That's a welter of numbers. Probably they avoid a lot of taxes through evasion and under-reporting. We could also raise the capital gains tax and the corporate tax. A wealth tax should be explored. Senator Elizabeth Warren has proposed a wealth tax on estates above $50 million. The Center for Budget and Policy also advocates for higher tax revenues. Out of 38 developed nations only 7 take in less in taxes (as a percentage of GDP) than the U.S. If the U.S. raised 42% more tax revenue we would equal the OECD average; 42% equals $1.8 trillion new taxes. We tax $4.3 trillion; we could tax $1.8 more bringing in a total of $6.1 trillion -- then we would be average among developed nations. In short, we can tax our way out of the national debt problem and the expanding need for social benefit programs. I wrote an essay about Trump's One Good Idea. "‘Personally this plan would cost me hundreds of millions of dollars, but in all honesty, it's worth it,’ Trump said." Personally, this plan would not cost me a penny, it's one of Trump's few good ideas. It's at my old blog. He proposed taxing wealth and paying off the national debt.   
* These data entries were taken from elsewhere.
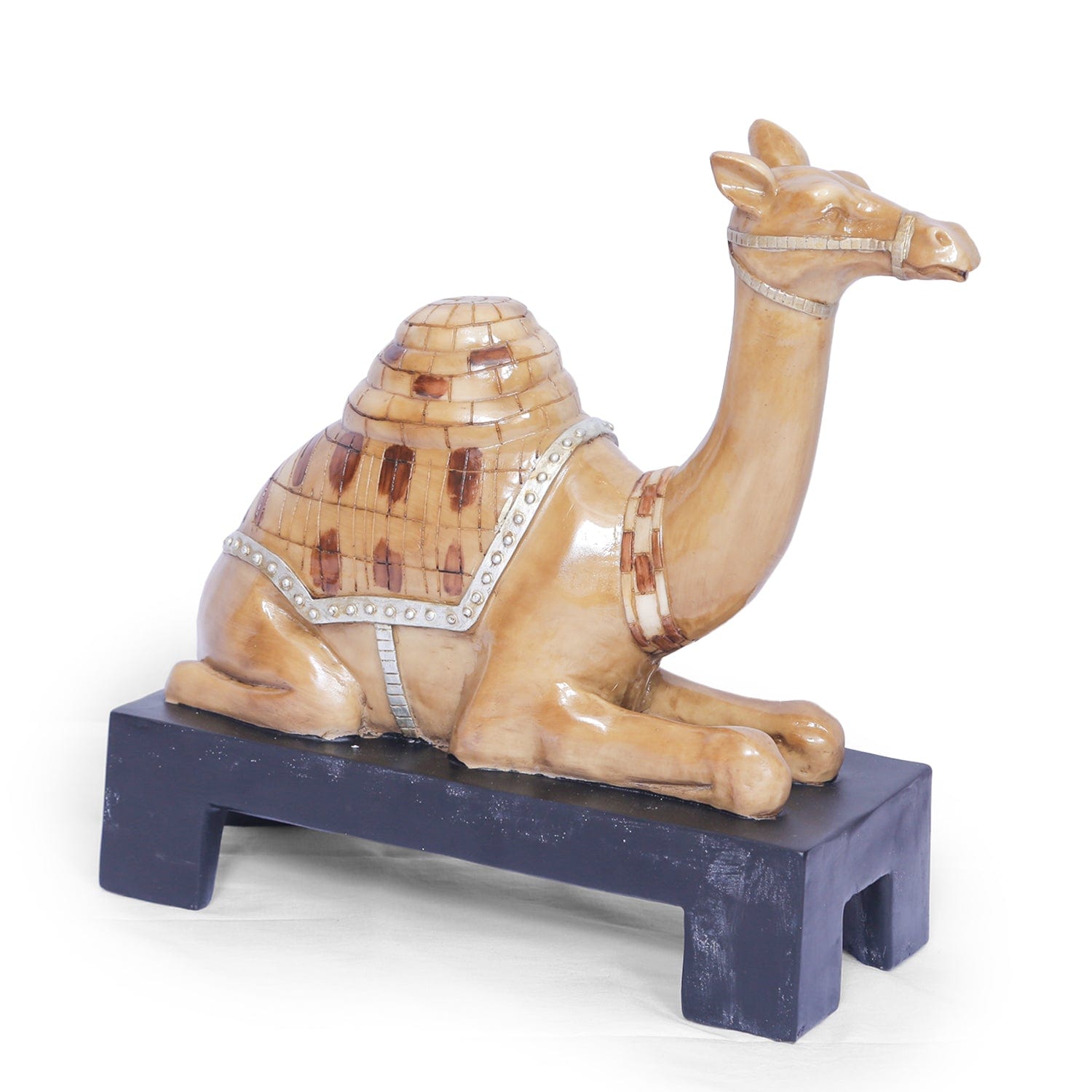 Red Butler Showpieces Decorative Sitting Camel ALSC00R14Y19A1 LSC14A1 Experience Desert Elegance with Decorative Camel Figurine - Ideal Gift Redbutler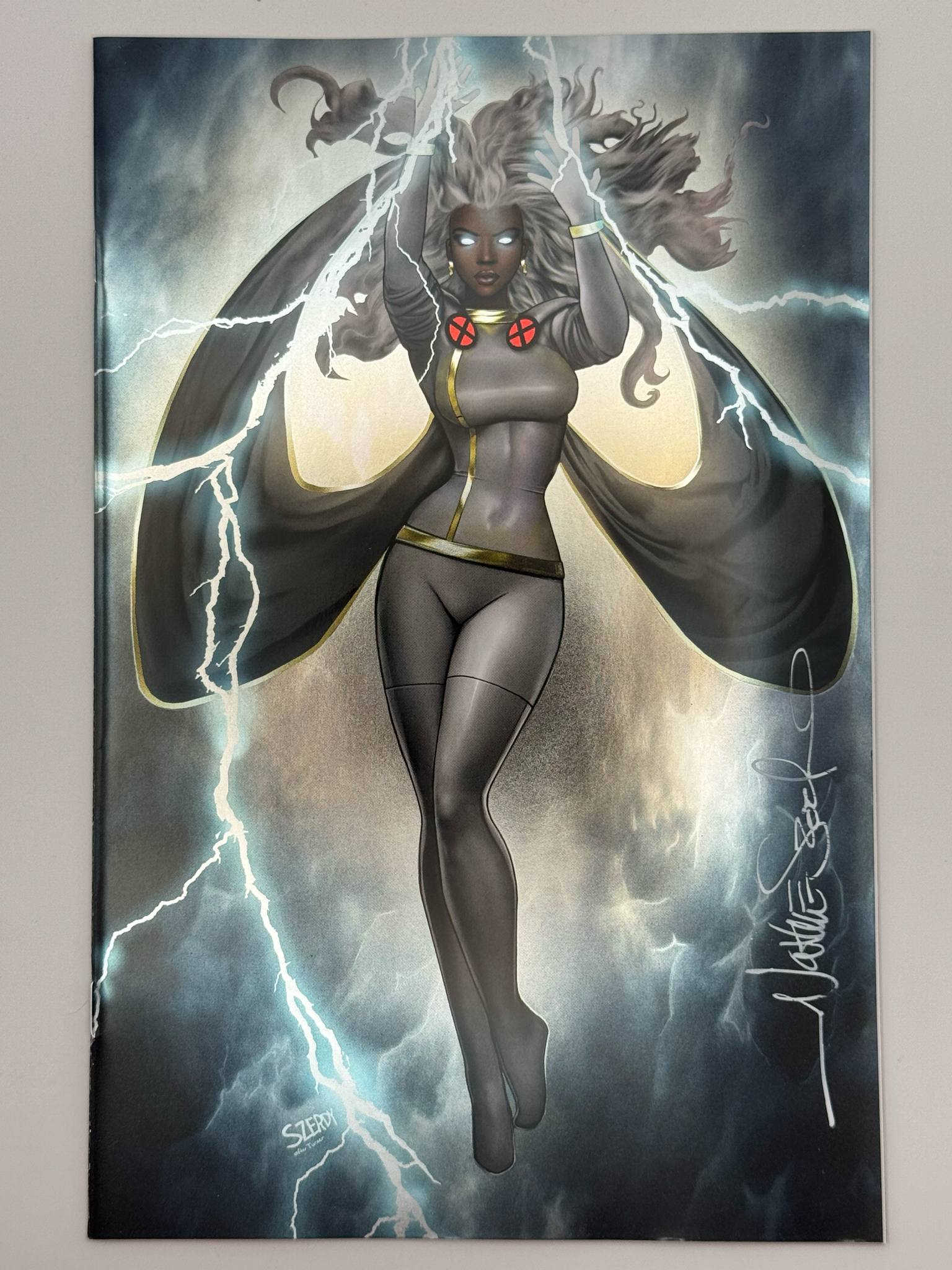 Signed by Nathan Szerdy] [FOIL] STORM #1 UNKNOWN COMICS NATHAN SZERDY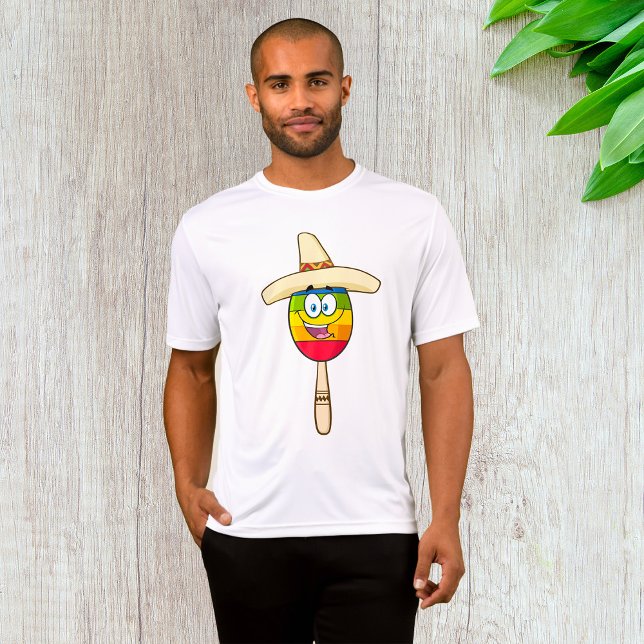 Maraca with Sombrero Colourful Fiesta T-Shirt (Creator Uploaded)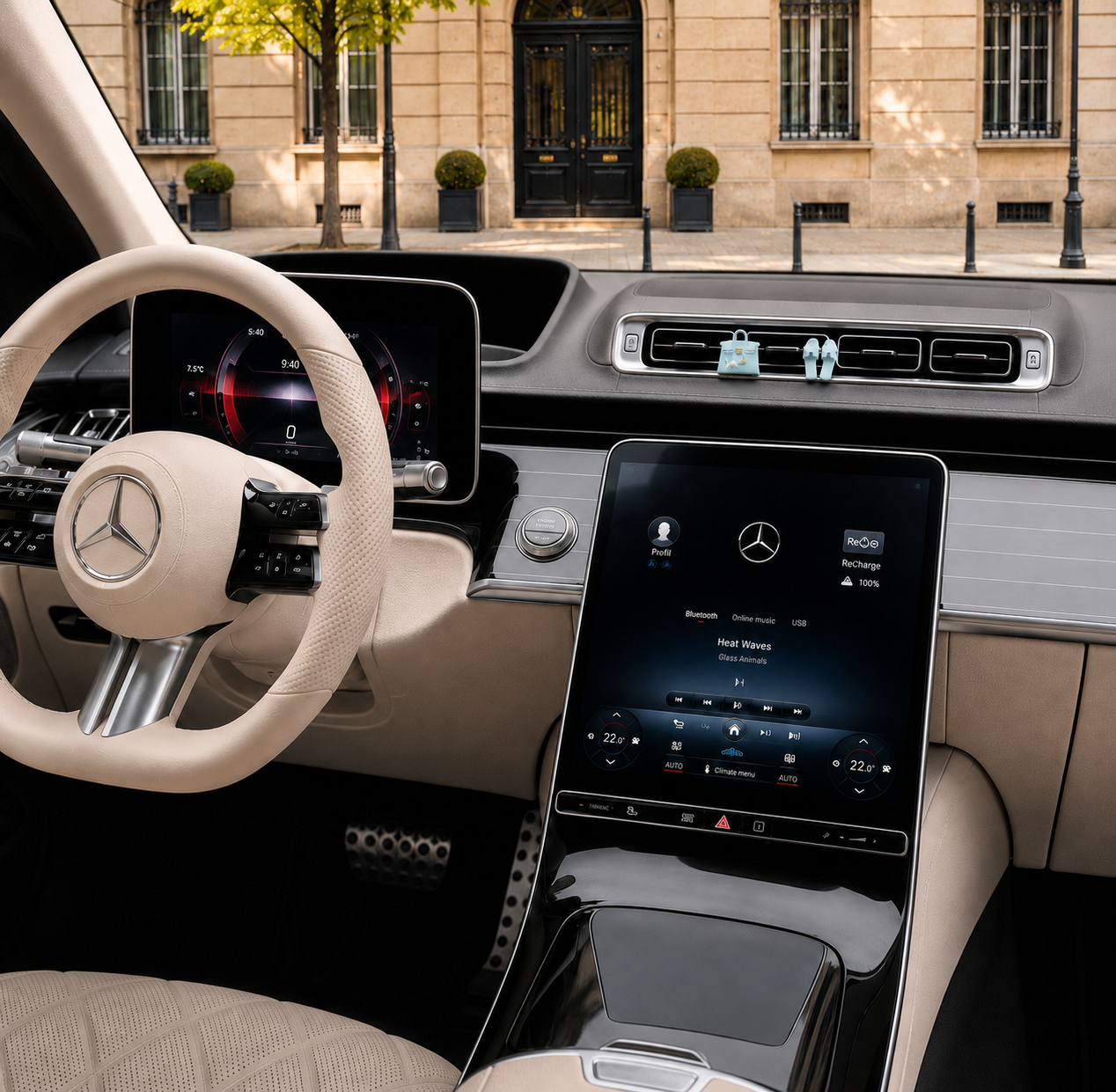 Diffuseur de parfum voiture — Sandale Bleu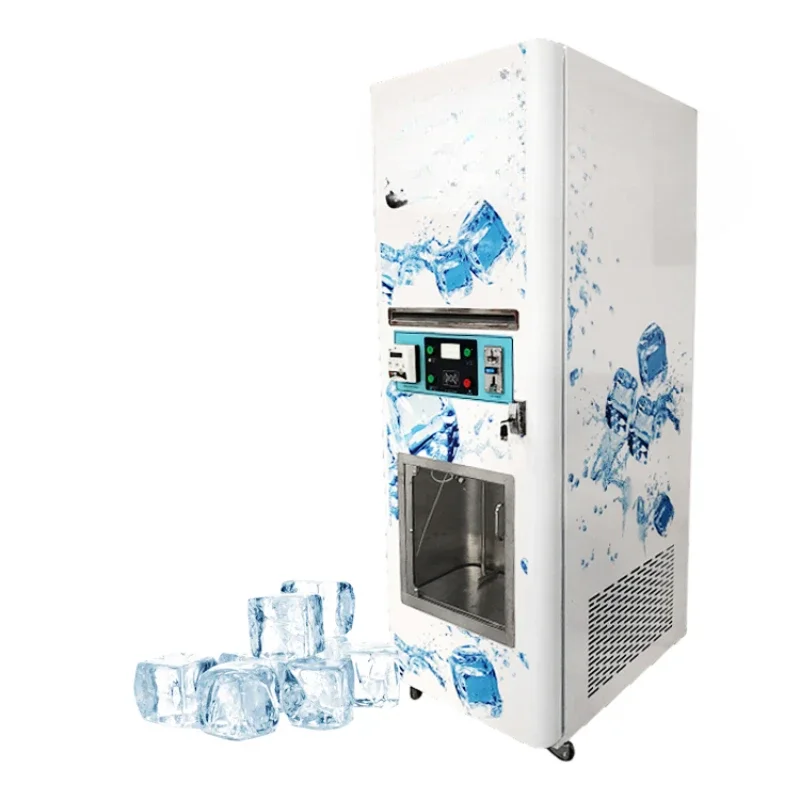 Factory supplies 24-hour self-service ice machines for bulk and bagging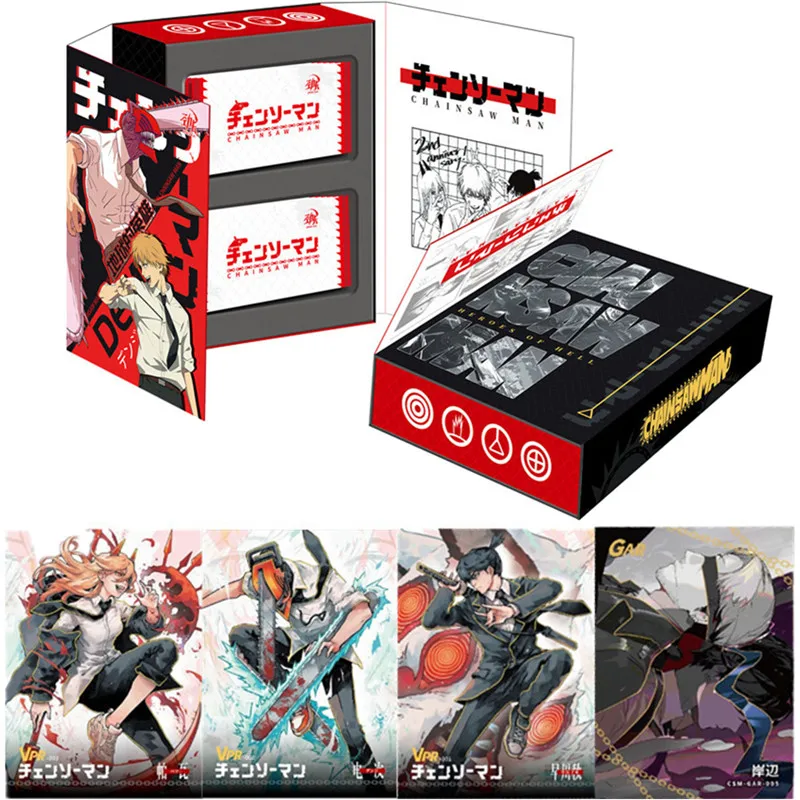

2023 New Chainsaw Man Card Hell Hero Card Game Collection Card Toy Christmas Halloween Children's Birthday Gift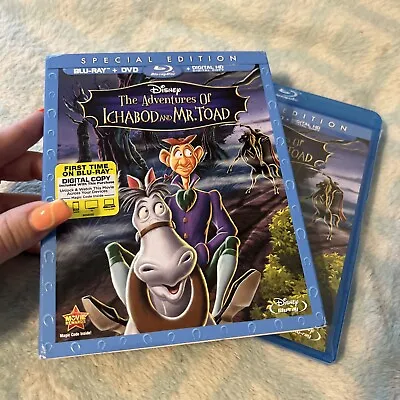Disney The Adventures Of Ichabod And Mr. Toad Blu-ray DVD 2-Disc Set NEW W/ Slip • $11.25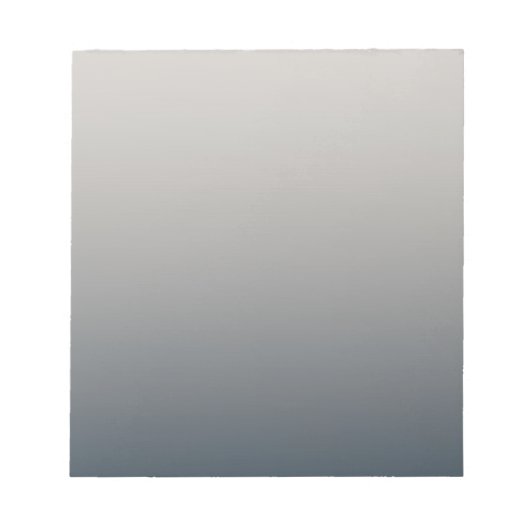 Graue Farbe Notizblock (Vorderseite)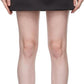 Black 'The Duchess Satin' Miniskirt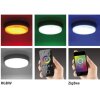Paul Neuhaus Q-LENNY Plafoniera LED Antracite, 1-Luce, Telecomando, Cambia colore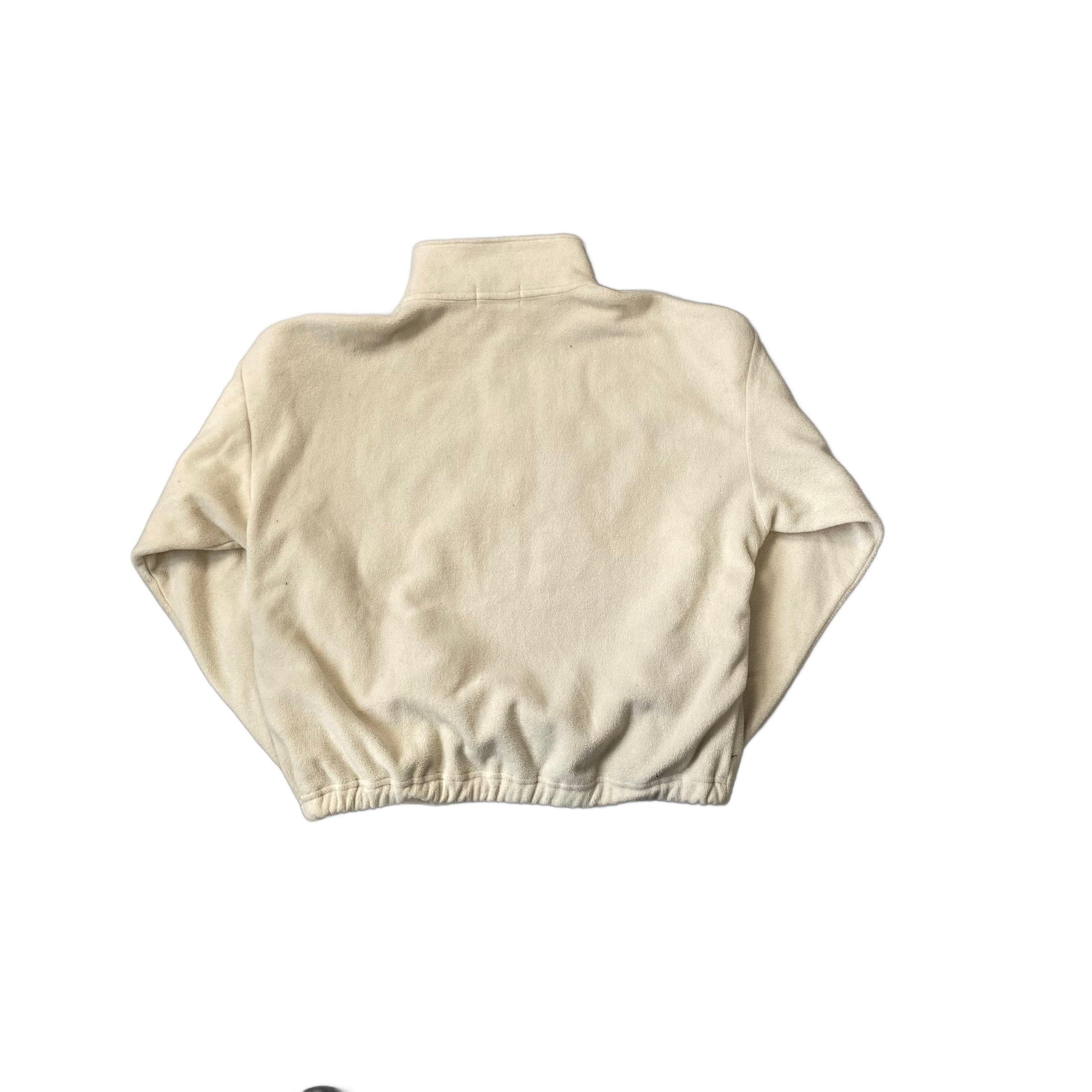 White A Bathing Ape (BAPE) 1/4 Zip Fleece - S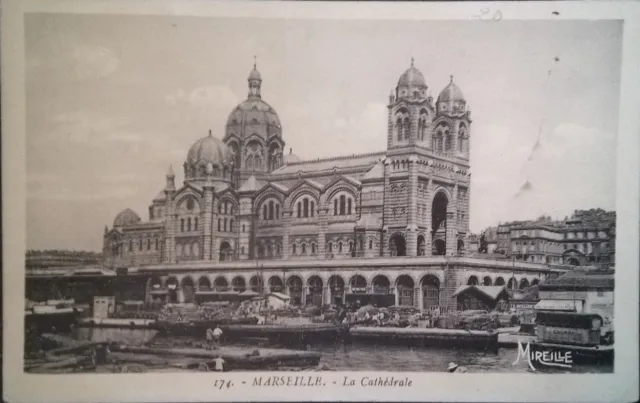 Cpa Marseille. La Cathédrale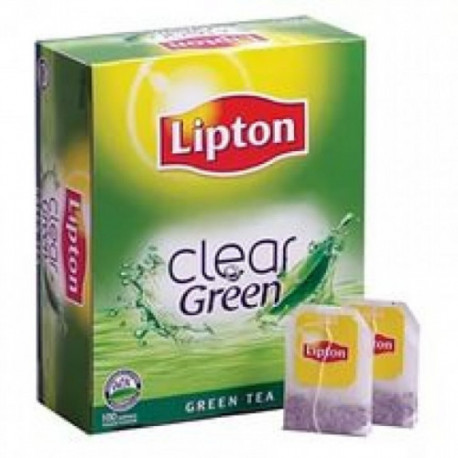 Чай Lipton Clear Green зеленый 100 пакетиков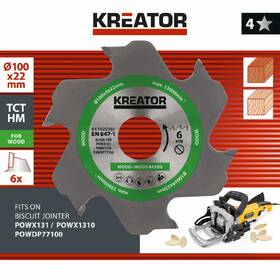 Kotouč pilový Kreator KRT020701 100mm 6T 

 obrázek produktu 1 z 1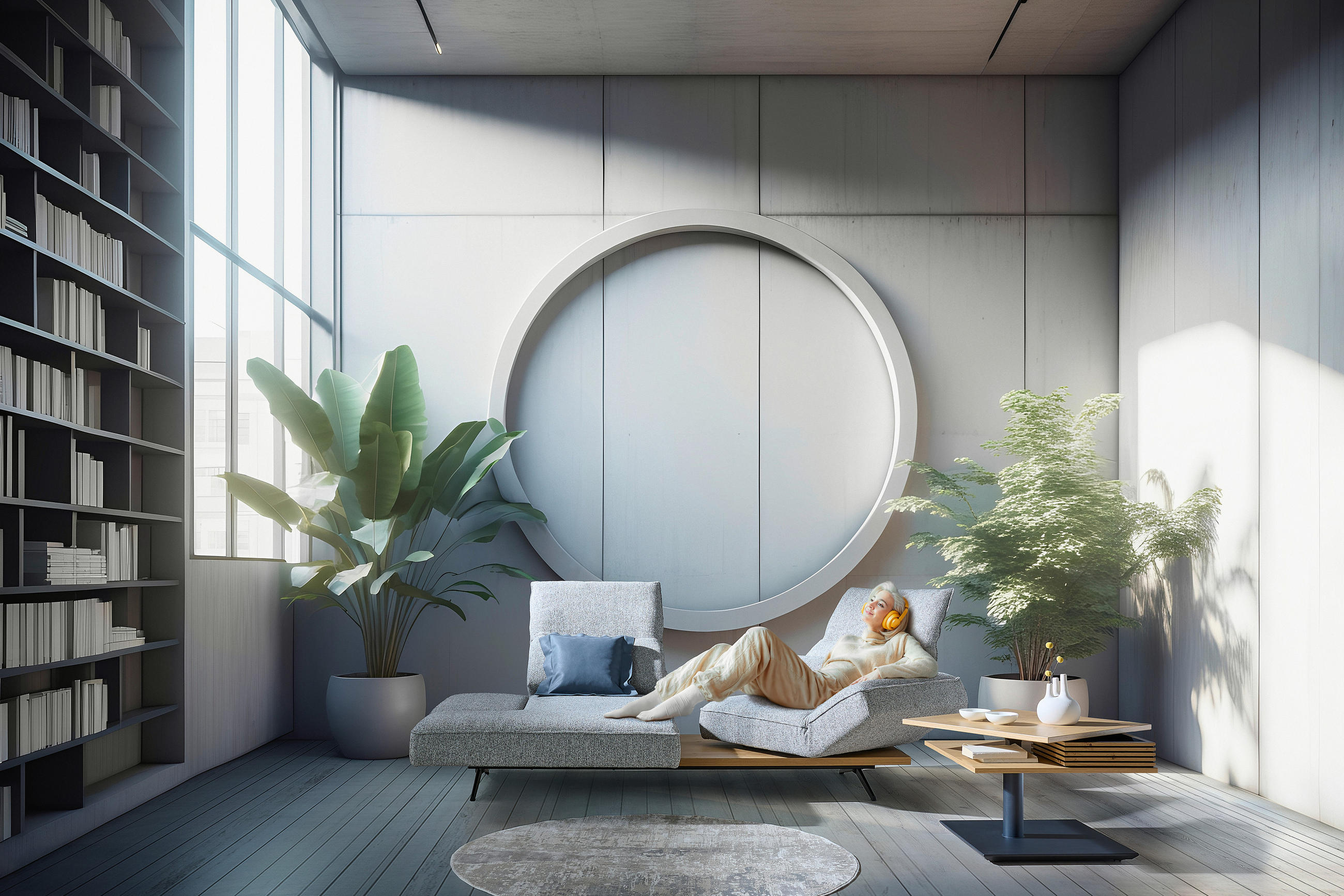 ECKSOFA Beige Chenille  - Beige/Schwarz, Design, Holz/Textil (132/240cm) - Koinor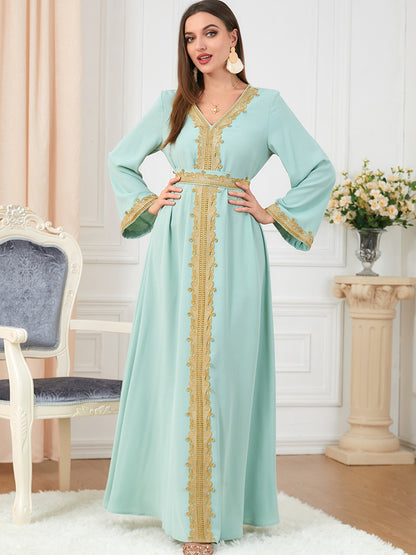 Arab Morocco Muslim Dress Abaya Women embroidery maxi Abayas Dubai Turkey Islam Kaftan Longue Musulmane Vestidos Largos 2022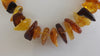 BALTIC AMBER NECKLACE GRADUATED CHIPS, 29 gm 10-20 mm 20 " ALLUREGEM S1024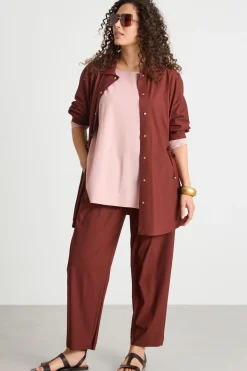 T-shirt in jersey a maniche lunghe - Rosa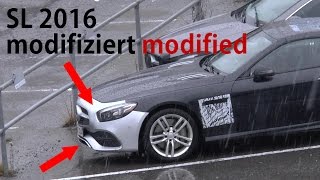 Mercedes Erlkönig SL modifizierter Testträger 2016 modified prototype R321 SPY VIDEO [upl. by Troyes473]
But mostly we need higher wages for low-earning workers. The lower-earning 55% of U.S. full-time workers, 60 million workers, have an average income of $36,563/year (see the Job Quality Index). Boosting the pay of full-time nonsupervisory workers would also boost the incomes for 28 million part-time workers. Therefore, the target is to raise incomes for 88 million workers, or about 55% of all workers. 88 million workers is a majority of workers. 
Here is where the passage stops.